Montag, 16. April 2018

Hyazinthen





 Ob Traubenhyazinthen oder frühe Puschkinien,  die zart blauen Sternhyazinten oder ganz normale Garten-Hyazinthen.





 Wie Farbbomben sitzen die bunten Hyazinthen im Beet. Sie blühen in prächtigen Farben von Weiß über Rosa, Blau und Violett . 








 Meine Erfahrung zeigt, dass Hyazinthen einen möglichst sonnigen Standort brauchen, um jedes Frühjahr zu blühen. 






Ich pflanze grundsätzlich nur Hyazinthen, die ich im zeitigen Frühjahr als Topfpflanze für die Wohnung gekauft habe. So habe ich einen frühen Blumenschmuck im Zimmer und im nächsten Jahr wunderschöne Blüten im Garten. 

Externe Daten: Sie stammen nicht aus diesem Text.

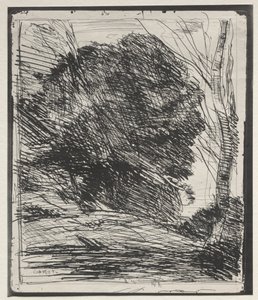 الأشجار على الجبل بواسطة Jean-Baptiste-Camille Corot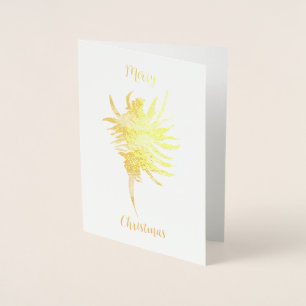 Goldfolie Tritonsschnecke Wellen-Silhouette Aquare Folienkarte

 Ich setze sie direkt nach der Blüte ins Beet. Für die Pflanztiefe gilt folgende Regel: Die Pflanztiefe sollte doppelt so tief sein wie der Durchmesser der Blumenzwiebel. Beträgt der Zwiebeldurchmesser zum Beispiel 4 cm, so sollte die Knolle etwa 8 cm tief eingesetzt werden.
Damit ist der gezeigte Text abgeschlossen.